• [ACTIVITY] Could you give the data that follows again exactly, without its pictures?

*** GIVEN DATA ***

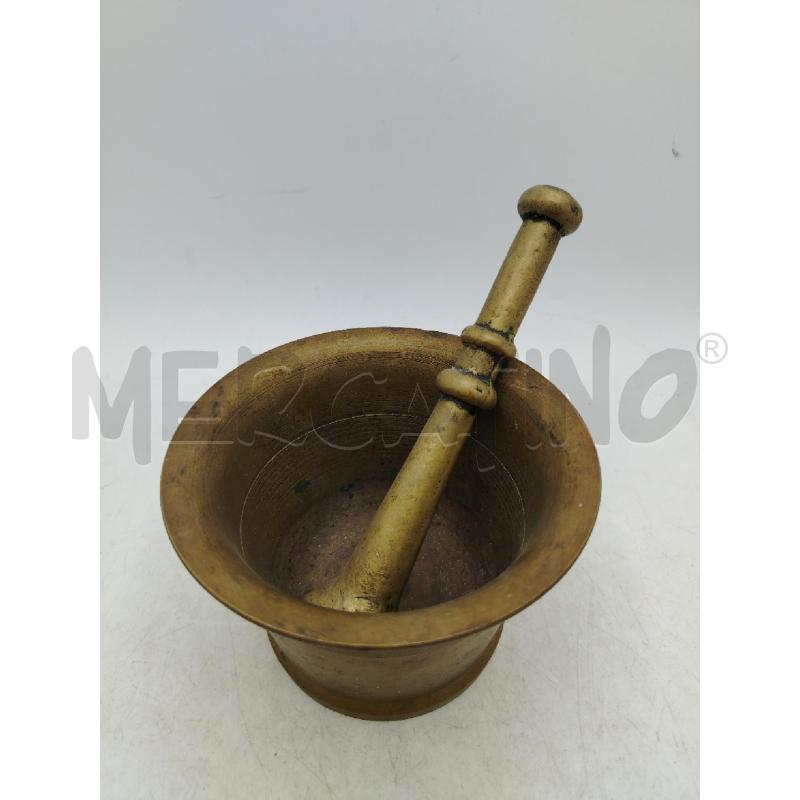 MORTAIO OTTONE | Mercatino dell'Usato Roma viale tirreno 2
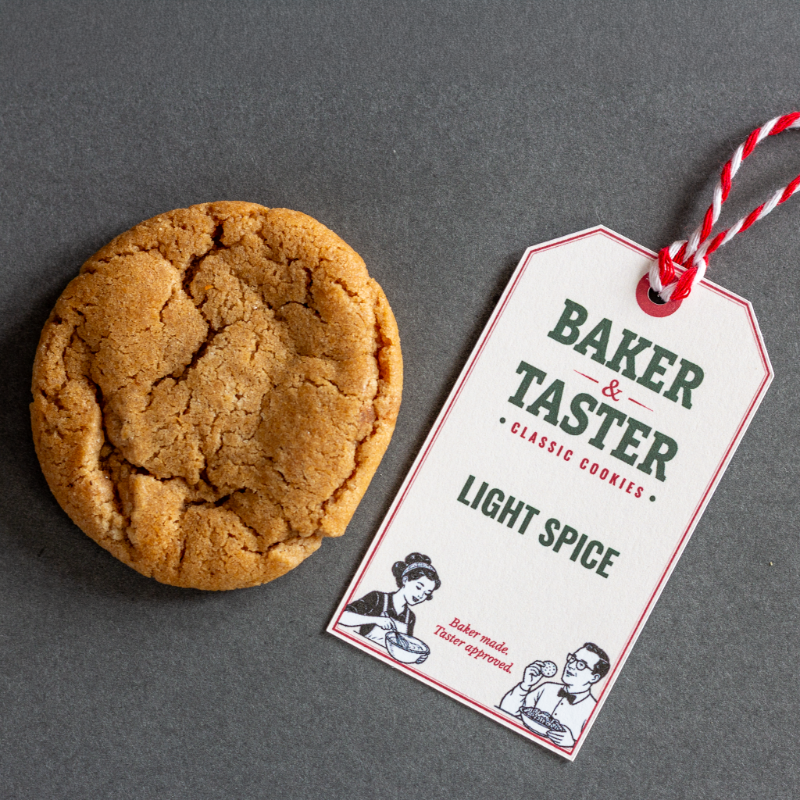 Photo of Light Spice Cookies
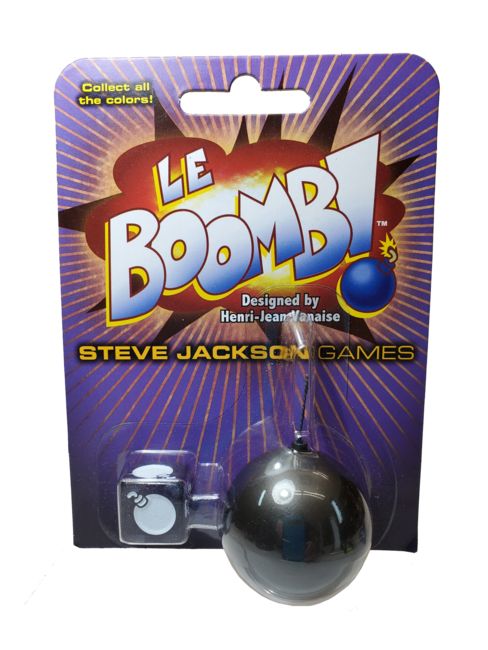 Le Boomb!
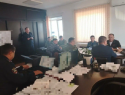 У военного городка в Астраханской области обнаружили «неизвестный предмет»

***

• [REPLY TO THE TASK]
 MORTAIO OTTONE | Mercatino dell'Usato Roma viale tirreno 2
 Photo of Light Spice Cookies
 Le Boomb!
 У военного городка в Астраханской области обнаружили «неизвестный предмет»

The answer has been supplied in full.